A body of evidence has linked excess salt (sodium chloride) in the diet to an increased risk of high blood pressure and stroke. According to the US Dietary Guidelines, over three quarters of the salt in the average American diet comes from processed foods.
Food manufacturers have been trying to lower salt content, driven by consumer demand and health concerns, and there is a host of products on the market which can be used as alternatives.
However, the CSPI survey showed that the average sodium content of 528 packaged and restaurant foods stayed essentially the same between 2005 and 2008, increasing by less than one percent.
Some 109 products increased by five percent or more and 29 products increased by 30 percent or more.
Meanwhile sodium in 114 products declined by five percent or more and 18 products declined by 30 percent or more. The rest remained about the same.
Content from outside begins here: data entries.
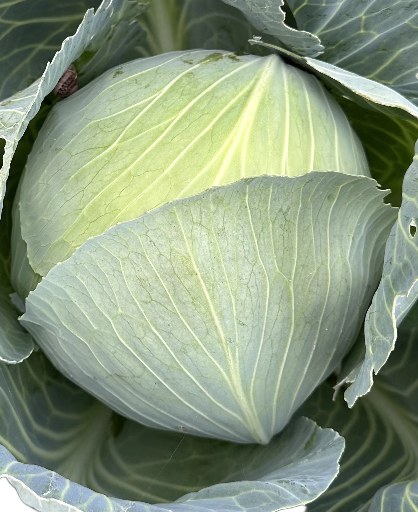 chou pommé (1kg env pièce)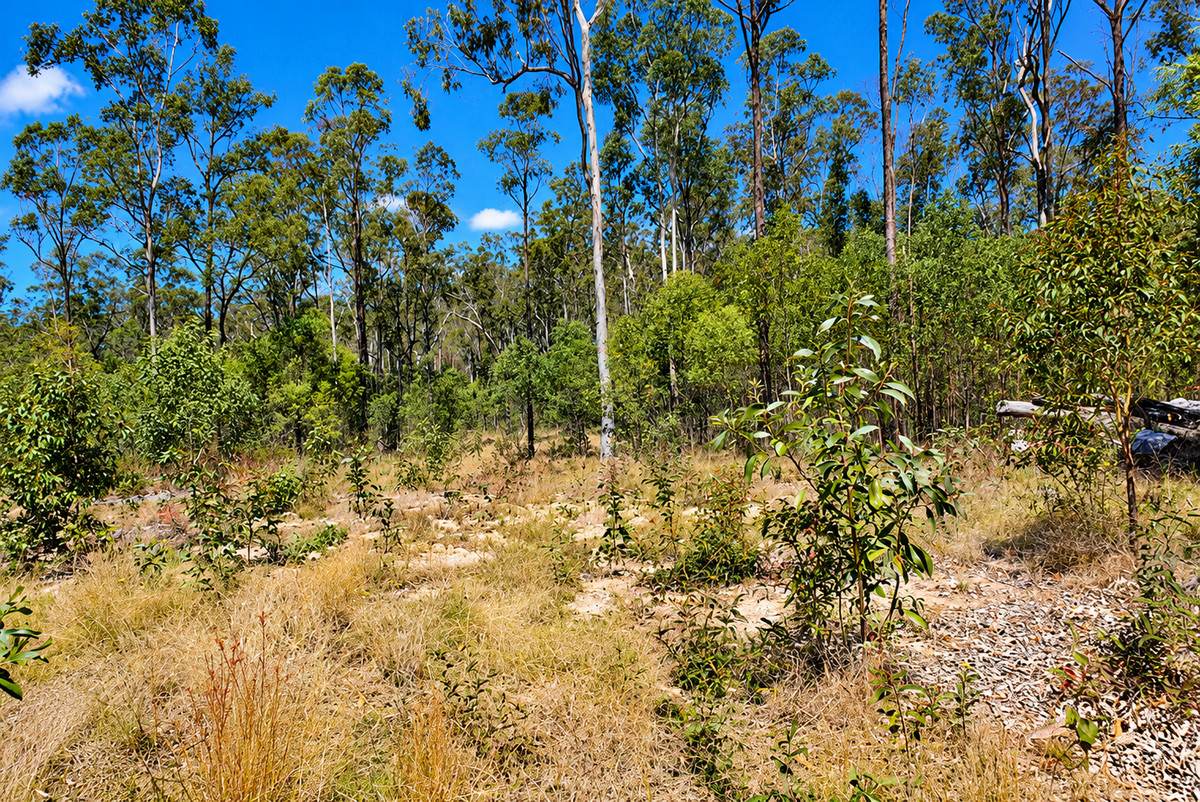 130 & 132 Mud Flat Road, Drake For Sale by Farmbuy.com - image 11
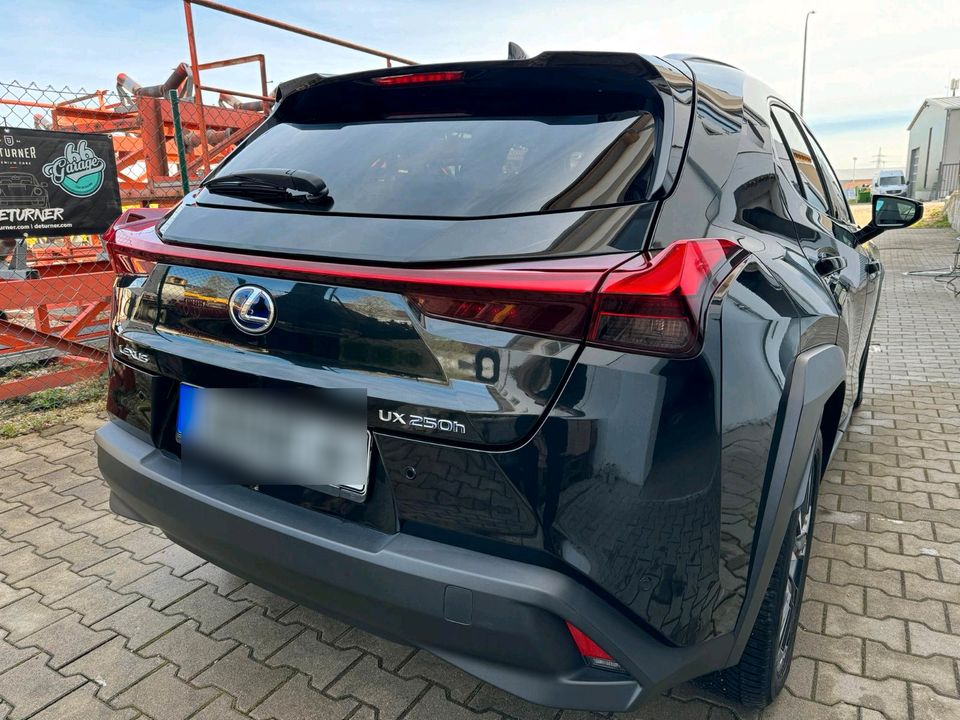 Lexus UX 250 H in Hohenthann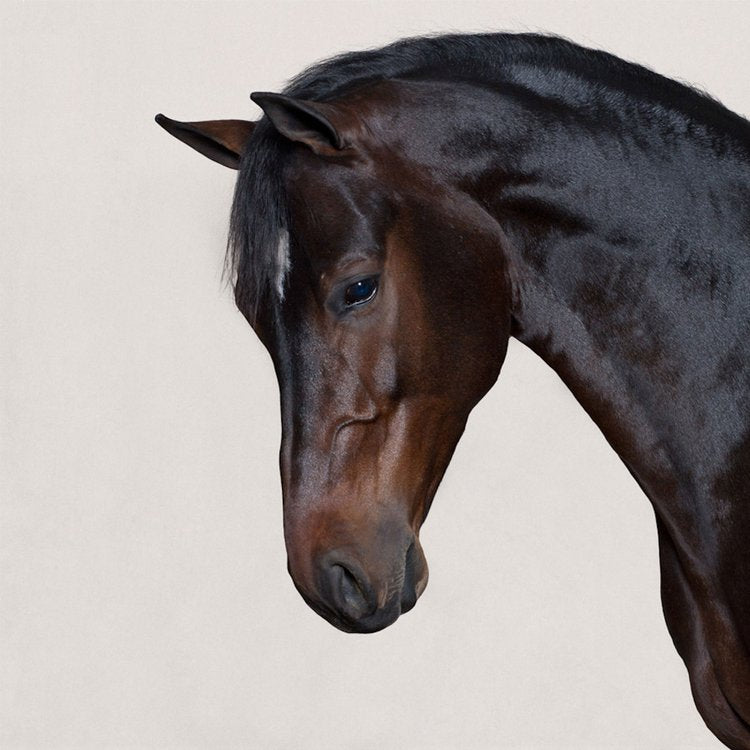A commissioned portrait by Valerie Shaff.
It described the lack of progress in lowering salt levels as “disturbing” considering industry acknowledgment that sodium levels are too high.
In 2005, CSPI petitioned the US Food and Drug Administration to change the GRAS (generally recognized as safe)status of salt. FDA held a hearing in September 2007 but no action has yet been taken.
CSPI executive director Michael F. Jacobson said: “The next Administration can't sit by incuriously as chain restaurants and food manufacturers recklessly turn Americans' brains and hearts into ticking time bombs."
On the other side of the debate, the Salt Institute has encouraged a controlled investigation into whether a reduction in salt would really improve public health.